Extracted records —
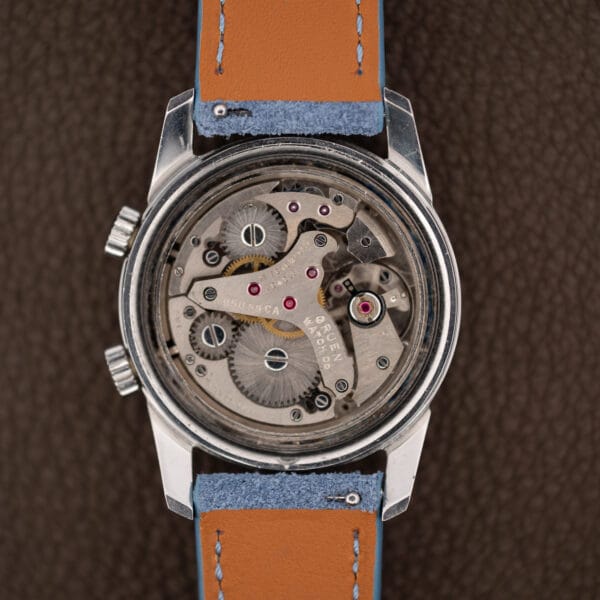 Gruen alarm movement inside the open steel case, seventeen jewels, brushed bridges and bright screw heads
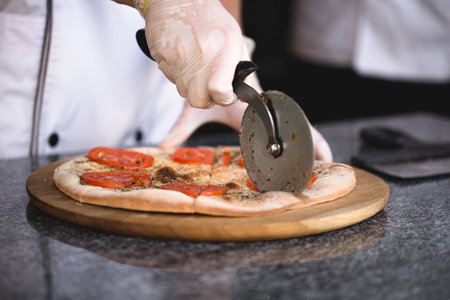 The cook cuts pizza with a round knife.の写真素材
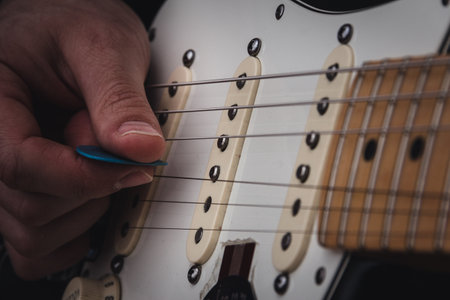 Person plucking the strings of an electric guitar with a pick. Selective focus. Copy space.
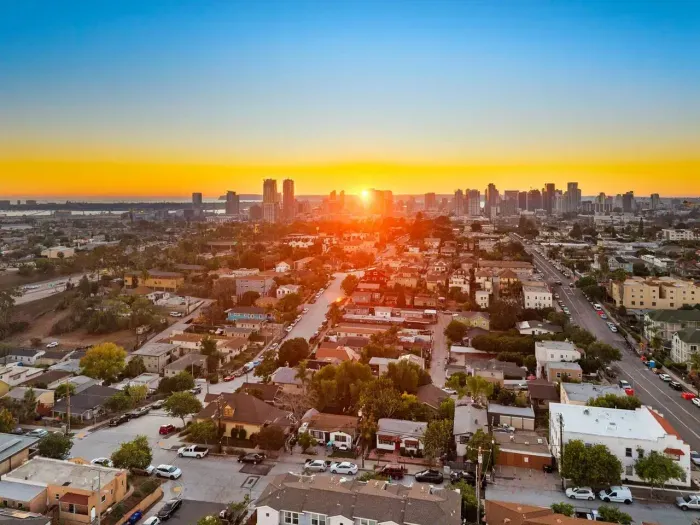 Another stunning sunset view highlighting the neighborhood and skyline in soft evening glow.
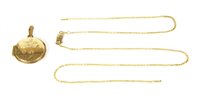 Lot 253 - An Italian 9ct gold circular hinge locket
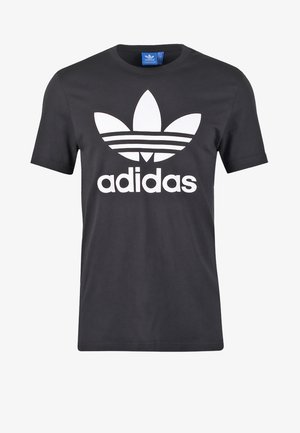 Mustapaita, jossa on lyhyet hihat, esittelee suurta valkoista Adidas-logoa ja kolmea vaakasuoraa raitaa logoa edeltä.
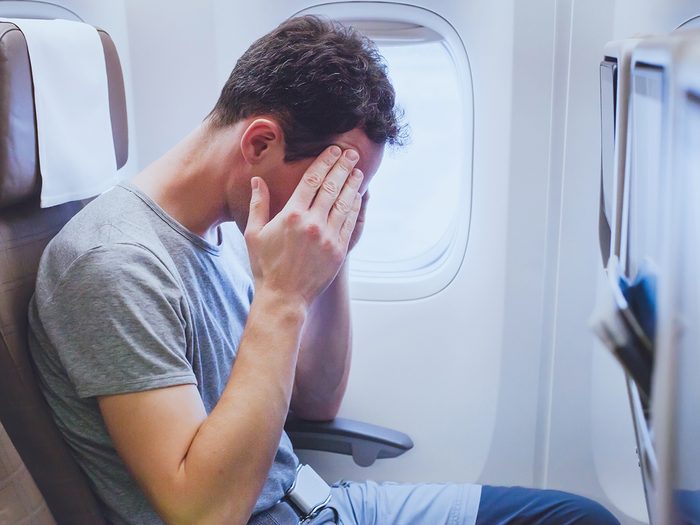 How to cure motion sickness - sick man on flight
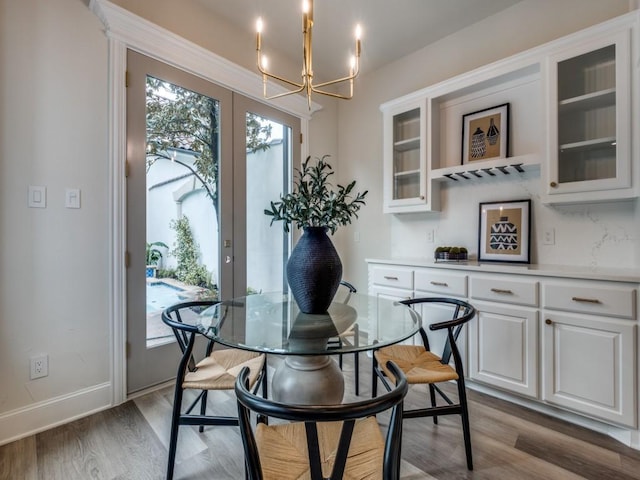 dining room with a notable chandelier, baseboards, french doors, and light wood-type flooring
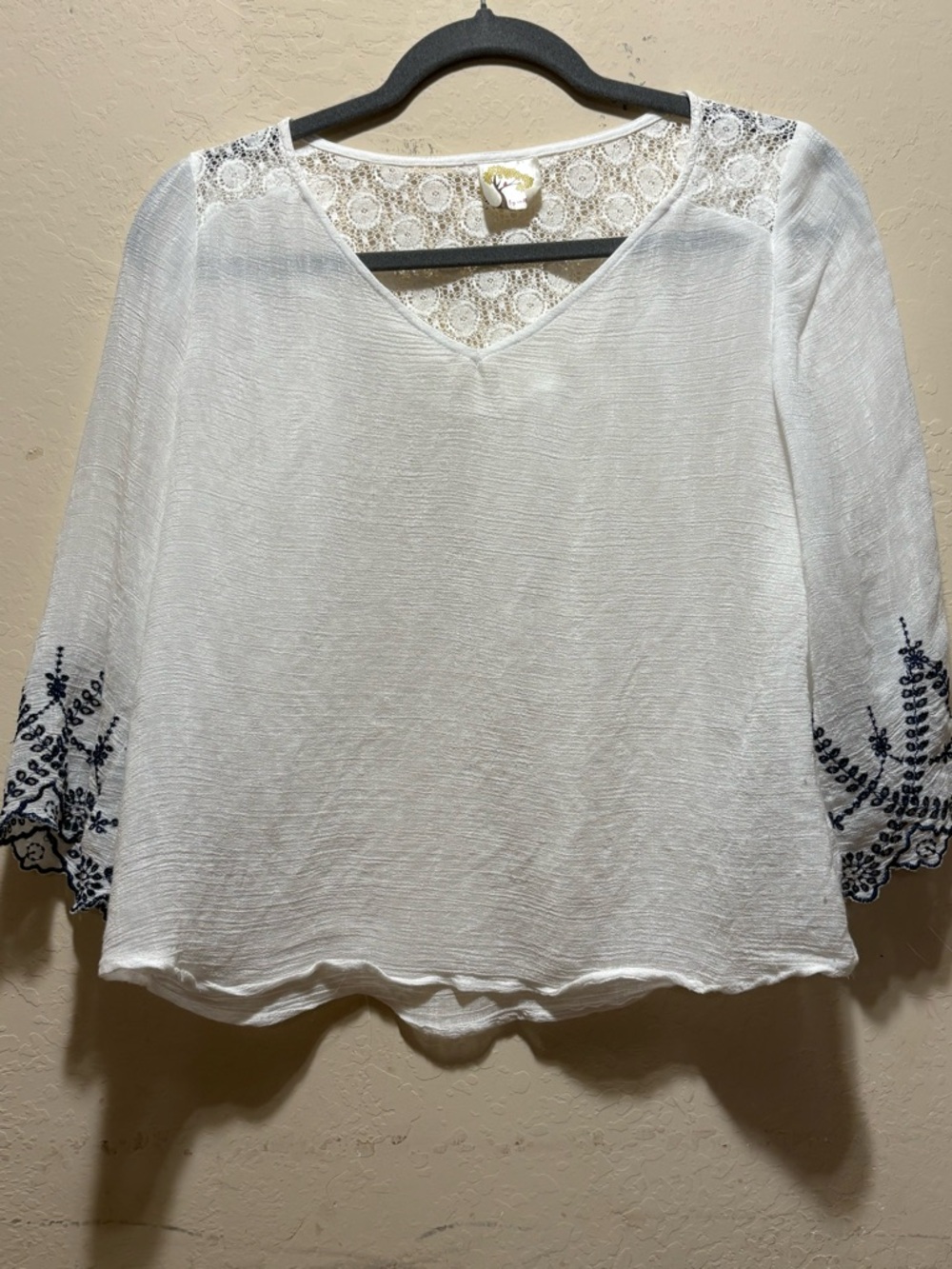 Lace-Back White Women's V-Neck Top with Navy Embroidery
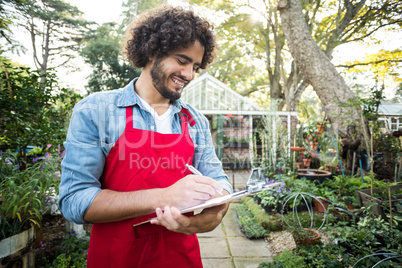 Male gardener writing in clipboard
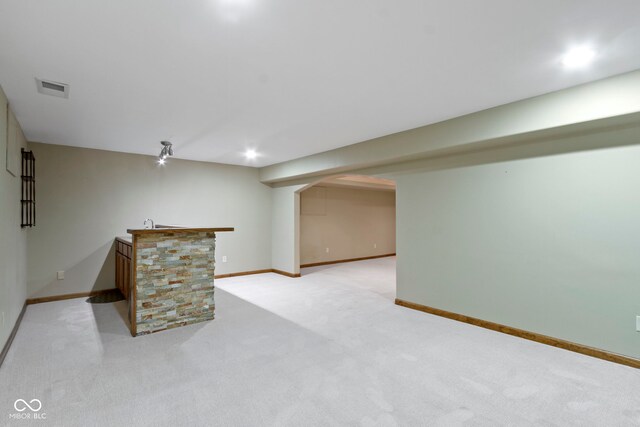 5037 Surrey Ln, Carmel, IN 46033 - finished below grade area featuring bar with sink, light colored carpet, and recessed lighting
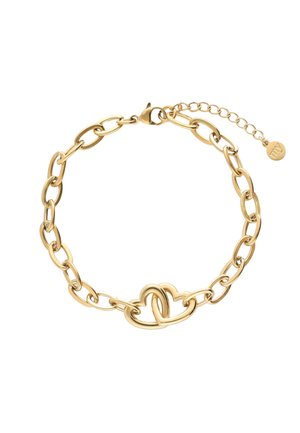 Bracelet en chaîne dorée avec des maillons ovales entrelacés et un élément central en forme de cœur, doté d'un fermoir à ressort et d'une chaînette extensible.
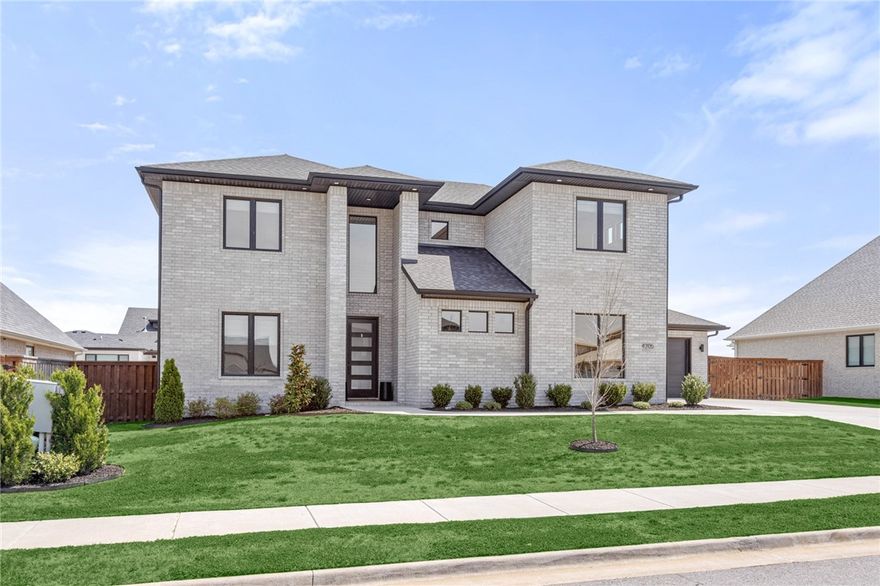 Luxury awaits inside this beautifully detailed & designed 4 bdrm, 4.5 bath home in Scissortail! Step inside the entry & be welcomed by the accent ceiling & large, picture windows along the back of the house showcasing the covered back porch w/ gas fire pit, perfect for outdoor relaxing. The open kitchen & living room are complete w/ floor to ceiling hearth & oversized island, making entertaining easy. The main level features a private master suite, along w/ a 2nd en-suite plus a separate home office. Upstairs are 2 addl bdrms & 2 baths (1 an en-suite & an oversized bonus room. This is a house that you want to call home! Conveniently located to I49, Pinnacle shopping, and just 20 minutes from the new Walmart home office.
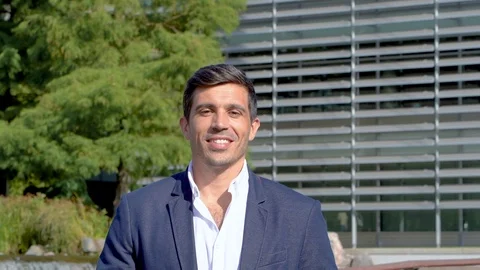 Successful man looking at camera, slow motion video portrait Stock Footage 96066804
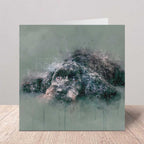 Greeting card with a cockapoo dog in watercolour design on a wooden surface.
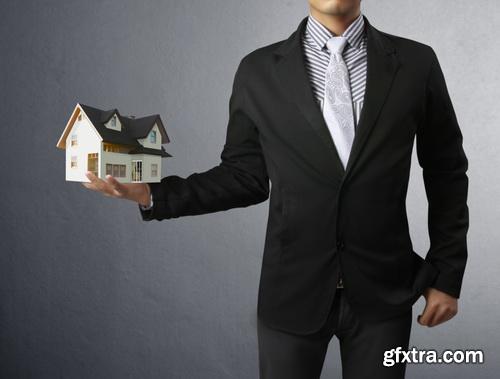 Real Estate Agent with House Model & Keys 30xJPG Real Estate Agent with House Model & Keys 30xJPG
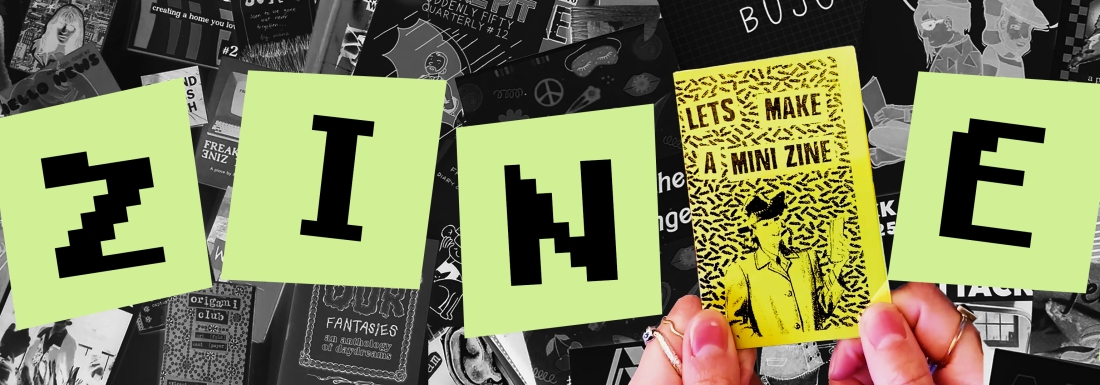 hands holding tiny zine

Required action —
Every line above between the one containing "Person plucking the" and the one containing "Greeting card with", those two included, is to be printed exactly. No pictures go into the copy.

Answer to the exercise —
 Person plucking the strings of an electric guitar with a pick. Selective focus. Copy space.
 Another stunning sunset view highlighting the neighborhood and skyline in soft evening glow.
 Lot 253 - An Italian 9ct gold circular hinge locket
 Mustapaita, jossa on lyhyet hihat, esittelee suurta valkoista Adidas-logoa ja kolmea vaakasuoraa raitaa logoa edeltä.
 How to cure motion sickness - sick man on flight
 dining room with a notable chandelier, baseboards, french doors, and light wood-type flooring
 Lace-Back White Women's V-Neck Top with Navy Embroidery
 Male gardener writing in clipboard
 5037 Surrey Ln, Carmel, IN 46033 - finished below grade area featuring bar with sink, light colored carpet, and recessed lighting
 Bracelet en chaîne dorée avec des maillons ovales entrelacés et un élément central en forme de cœur, doté d'un fermoir à ressort et d'une chaînette extensible.
 Luxury awaits inside this beautifully detailed & designed 4 bdrm, 4.5 bath home in Scissortail! Step inside the entry & be welcomed by the accent ceiling & large, picture windows along the back of the house showcasing the covered back porch w/ gas fire pit, perfect for outdoor relaxing. The open kitchen & living room are complete w/ floor to ceiling hearth & oversized island, making entertaining easy. The main level features a private master suite, along w/ a 2nd en-suite plus a separate home office. Upstairs are 2 addl bdrms & 2 baths (1 an en-suite & an oversized bonus room. This is a house that you want to call home! Conveniently located to I49, Pinnacle shopping, and just 20 minutes from the new Walmart home office.
 Successful man looking at camera, slow motion video portrait Stock Footage 96066804
 Greeting card with a cockapoo dog in watercolour design on a wooden surface.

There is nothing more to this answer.